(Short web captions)
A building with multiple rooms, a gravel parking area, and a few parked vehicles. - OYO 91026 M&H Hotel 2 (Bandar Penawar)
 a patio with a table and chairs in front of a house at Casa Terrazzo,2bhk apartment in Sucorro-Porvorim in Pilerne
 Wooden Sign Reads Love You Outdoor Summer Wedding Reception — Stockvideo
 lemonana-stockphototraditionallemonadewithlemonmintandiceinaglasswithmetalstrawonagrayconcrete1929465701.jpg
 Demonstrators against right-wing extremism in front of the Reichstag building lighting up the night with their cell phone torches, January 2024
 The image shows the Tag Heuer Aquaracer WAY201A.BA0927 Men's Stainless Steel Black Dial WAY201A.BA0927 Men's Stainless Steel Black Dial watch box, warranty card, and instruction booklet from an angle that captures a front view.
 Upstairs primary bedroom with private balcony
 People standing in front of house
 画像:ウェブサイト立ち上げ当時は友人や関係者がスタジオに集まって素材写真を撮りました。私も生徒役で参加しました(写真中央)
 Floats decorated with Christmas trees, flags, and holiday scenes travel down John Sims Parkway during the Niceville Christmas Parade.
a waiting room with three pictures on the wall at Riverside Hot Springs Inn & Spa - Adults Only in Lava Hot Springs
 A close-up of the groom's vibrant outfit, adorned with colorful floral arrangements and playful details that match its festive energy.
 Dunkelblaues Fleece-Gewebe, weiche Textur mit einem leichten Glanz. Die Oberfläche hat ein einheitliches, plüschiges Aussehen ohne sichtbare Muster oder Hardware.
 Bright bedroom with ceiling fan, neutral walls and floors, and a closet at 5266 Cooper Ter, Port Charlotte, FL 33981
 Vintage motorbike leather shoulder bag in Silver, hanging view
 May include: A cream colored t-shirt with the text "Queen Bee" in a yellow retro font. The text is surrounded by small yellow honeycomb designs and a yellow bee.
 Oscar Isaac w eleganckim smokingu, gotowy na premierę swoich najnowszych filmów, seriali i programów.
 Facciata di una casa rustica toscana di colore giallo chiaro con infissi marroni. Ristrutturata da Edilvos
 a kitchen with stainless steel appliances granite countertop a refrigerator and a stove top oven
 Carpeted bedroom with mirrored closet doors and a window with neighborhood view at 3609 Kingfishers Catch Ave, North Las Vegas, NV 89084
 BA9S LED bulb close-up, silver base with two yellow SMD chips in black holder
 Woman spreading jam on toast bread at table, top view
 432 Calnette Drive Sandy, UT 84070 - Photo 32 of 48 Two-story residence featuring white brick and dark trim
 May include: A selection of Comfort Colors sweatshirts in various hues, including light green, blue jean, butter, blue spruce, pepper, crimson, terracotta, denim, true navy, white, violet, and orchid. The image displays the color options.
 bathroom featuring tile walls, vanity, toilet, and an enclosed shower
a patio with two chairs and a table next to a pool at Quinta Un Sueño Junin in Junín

### TASK TO COMPLETE:
Find each line in the records holding the string "patio" and show it.

### RESULT OF THIS EXERCISE:
 a patio with a table and chairs in front of a house at Casa Terrazzo,2bhk apartment in Sucorro-Porvorim in Pilerne
a patio with two chairs and a table next to a pool at Quinta Un Sueño Junin in Junín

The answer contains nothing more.